The kids are looking at the map in the backseat of the brand-new minivan (only 60,000 miles from the previous owner) which she had bought in preparation for the children’s arrival. Because that’s what new parents did, right? They bought a minivan. Parenting was all about sacrifices (at least according to Phil), but parting with her well-worn Jeep had still been a sour event. This van doesn’t smell like her Jeep, and the steering wheel doesn’t feel right under her hands. The gear shift isn’t even in the same place. Everything is different, and she fits into it differently, but she knows that this is one infinitesimally small change compared to the others she’ll have to get used to now.

At least she won’t have to take them back-to-school shopping anytime soon. It’s late July, the four of them won’t have to go back for another month. Skye, the youngest, will be going into 1st grade, and May imagines she’s nervous about the change. She seems so far to be a nervous kid in general—but then again, they all do. Phil says they just need time to settle. It’s only their first week together, after all.

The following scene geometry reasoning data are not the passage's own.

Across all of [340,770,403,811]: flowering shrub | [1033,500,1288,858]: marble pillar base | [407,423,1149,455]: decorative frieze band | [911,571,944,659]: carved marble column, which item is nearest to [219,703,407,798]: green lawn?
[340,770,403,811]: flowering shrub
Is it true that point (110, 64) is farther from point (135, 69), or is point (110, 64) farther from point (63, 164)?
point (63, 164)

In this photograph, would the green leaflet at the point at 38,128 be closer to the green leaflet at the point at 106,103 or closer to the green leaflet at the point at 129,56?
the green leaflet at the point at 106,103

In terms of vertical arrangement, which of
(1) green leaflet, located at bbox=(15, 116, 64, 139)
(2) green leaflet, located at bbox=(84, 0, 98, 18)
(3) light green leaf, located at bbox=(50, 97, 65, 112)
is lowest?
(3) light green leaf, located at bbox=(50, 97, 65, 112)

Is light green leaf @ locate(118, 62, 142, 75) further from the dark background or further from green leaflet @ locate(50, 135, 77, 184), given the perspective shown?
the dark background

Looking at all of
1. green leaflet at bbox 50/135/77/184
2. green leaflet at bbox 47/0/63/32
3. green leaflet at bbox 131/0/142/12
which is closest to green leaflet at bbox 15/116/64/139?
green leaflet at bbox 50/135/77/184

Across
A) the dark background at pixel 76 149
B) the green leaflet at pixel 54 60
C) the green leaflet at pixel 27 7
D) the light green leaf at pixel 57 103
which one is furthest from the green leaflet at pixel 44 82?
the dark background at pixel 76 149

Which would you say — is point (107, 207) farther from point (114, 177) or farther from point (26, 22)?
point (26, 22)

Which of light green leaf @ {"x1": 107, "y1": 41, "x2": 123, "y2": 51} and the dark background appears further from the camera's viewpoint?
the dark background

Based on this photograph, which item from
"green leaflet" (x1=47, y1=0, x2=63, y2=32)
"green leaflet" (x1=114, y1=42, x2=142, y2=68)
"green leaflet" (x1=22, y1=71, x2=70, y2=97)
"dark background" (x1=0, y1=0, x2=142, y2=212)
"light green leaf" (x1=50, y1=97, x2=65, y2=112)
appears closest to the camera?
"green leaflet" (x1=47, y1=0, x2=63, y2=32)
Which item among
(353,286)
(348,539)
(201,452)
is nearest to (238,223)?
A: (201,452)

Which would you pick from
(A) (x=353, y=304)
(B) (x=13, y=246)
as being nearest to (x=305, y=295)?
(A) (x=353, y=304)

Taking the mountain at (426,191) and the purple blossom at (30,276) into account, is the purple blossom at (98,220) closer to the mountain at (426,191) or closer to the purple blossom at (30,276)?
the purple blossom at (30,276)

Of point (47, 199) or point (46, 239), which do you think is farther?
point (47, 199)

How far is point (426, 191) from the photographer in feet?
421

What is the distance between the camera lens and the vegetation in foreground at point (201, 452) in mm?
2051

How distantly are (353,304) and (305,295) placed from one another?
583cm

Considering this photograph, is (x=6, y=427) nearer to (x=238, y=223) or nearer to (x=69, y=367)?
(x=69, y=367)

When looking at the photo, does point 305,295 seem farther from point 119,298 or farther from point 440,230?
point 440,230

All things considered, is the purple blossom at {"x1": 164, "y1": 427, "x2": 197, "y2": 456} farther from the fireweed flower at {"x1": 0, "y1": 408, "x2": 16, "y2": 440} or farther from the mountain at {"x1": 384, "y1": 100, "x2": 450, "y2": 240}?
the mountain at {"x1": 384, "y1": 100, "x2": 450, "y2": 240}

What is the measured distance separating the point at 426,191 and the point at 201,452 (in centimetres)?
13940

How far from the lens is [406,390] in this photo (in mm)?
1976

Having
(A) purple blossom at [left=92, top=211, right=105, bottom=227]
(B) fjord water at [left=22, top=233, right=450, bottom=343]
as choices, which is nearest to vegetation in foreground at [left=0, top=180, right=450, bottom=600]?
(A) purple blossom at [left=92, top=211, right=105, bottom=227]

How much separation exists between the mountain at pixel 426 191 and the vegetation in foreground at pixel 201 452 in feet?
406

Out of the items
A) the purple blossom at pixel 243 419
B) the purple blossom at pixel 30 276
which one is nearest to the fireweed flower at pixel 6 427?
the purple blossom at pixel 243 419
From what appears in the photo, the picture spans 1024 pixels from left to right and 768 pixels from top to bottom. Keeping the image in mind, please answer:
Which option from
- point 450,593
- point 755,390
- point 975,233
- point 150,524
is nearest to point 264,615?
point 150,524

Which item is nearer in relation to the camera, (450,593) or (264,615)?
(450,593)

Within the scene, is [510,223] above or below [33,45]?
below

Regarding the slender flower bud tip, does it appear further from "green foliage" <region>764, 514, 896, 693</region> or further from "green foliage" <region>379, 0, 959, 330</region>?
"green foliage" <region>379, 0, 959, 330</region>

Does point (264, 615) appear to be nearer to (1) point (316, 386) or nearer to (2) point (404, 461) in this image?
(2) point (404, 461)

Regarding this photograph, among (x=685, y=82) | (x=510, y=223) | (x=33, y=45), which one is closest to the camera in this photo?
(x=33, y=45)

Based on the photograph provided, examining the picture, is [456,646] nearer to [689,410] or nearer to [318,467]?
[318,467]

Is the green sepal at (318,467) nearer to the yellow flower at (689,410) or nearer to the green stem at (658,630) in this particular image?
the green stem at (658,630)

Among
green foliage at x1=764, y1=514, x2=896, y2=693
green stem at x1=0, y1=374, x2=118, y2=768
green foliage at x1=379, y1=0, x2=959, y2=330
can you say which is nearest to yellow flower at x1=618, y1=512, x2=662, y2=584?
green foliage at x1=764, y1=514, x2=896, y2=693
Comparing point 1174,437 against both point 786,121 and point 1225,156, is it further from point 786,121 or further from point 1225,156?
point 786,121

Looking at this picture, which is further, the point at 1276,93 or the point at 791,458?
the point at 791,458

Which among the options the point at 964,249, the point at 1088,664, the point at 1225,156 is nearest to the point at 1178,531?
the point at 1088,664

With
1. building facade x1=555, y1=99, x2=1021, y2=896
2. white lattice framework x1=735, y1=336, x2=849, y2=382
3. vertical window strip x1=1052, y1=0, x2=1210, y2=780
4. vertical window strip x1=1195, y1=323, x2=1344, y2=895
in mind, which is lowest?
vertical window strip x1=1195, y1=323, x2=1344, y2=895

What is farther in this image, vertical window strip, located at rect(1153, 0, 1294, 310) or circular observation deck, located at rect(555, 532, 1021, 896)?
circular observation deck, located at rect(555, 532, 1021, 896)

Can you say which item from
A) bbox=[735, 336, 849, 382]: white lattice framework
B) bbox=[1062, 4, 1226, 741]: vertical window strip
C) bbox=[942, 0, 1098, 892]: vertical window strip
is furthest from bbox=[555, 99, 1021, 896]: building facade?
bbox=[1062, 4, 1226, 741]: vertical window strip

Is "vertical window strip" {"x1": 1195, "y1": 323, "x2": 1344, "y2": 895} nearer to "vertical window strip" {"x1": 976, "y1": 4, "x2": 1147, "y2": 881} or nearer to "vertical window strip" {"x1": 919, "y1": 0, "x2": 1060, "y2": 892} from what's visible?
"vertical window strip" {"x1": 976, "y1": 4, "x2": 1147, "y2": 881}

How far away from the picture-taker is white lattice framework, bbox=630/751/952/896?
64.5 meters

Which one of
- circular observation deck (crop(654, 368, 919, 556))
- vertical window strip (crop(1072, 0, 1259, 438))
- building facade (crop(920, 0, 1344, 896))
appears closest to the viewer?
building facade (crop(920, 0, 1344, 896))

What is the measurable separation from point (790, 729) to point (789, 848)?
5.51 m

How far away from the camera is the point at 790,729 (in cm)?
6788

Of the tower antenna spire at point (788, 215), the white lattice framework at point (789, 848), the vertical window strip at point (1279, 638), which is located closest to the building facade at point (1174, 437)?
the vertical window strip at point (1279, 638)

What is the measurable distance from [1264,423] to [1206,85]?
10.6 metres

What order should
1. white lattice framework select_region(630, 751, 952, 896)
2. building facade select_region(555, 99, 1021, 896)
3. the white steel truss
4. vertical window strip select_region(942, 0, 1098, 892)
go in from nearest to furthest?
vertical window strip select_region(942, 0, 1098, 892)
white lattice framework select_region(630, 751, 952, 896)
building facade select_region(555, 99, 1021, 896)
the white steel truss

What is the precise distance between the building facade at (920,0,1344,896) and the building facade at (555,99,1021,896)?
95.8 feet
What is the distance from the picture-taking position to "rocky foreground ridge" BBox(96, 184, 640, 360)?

And this is their first weekend. It’s not as marked an event as it would have been had it been the school year, when weekends are sacred causes of celebration (at least in May’s memory). But still, it seems important. It felt like they should do something about it. Phil said not to do anything big—take them out for ice cream, play a board game. Get to know each other. But maybe, not that she would admit it to anyone, May is just as nervous as they are. After all, she has no idea what she’s doing. She’s never even read a book on parenting, for God’s sake. And she doesn’t think watching the Dr. Phil segments on Oprah every Tuesday while she folds laundry counts.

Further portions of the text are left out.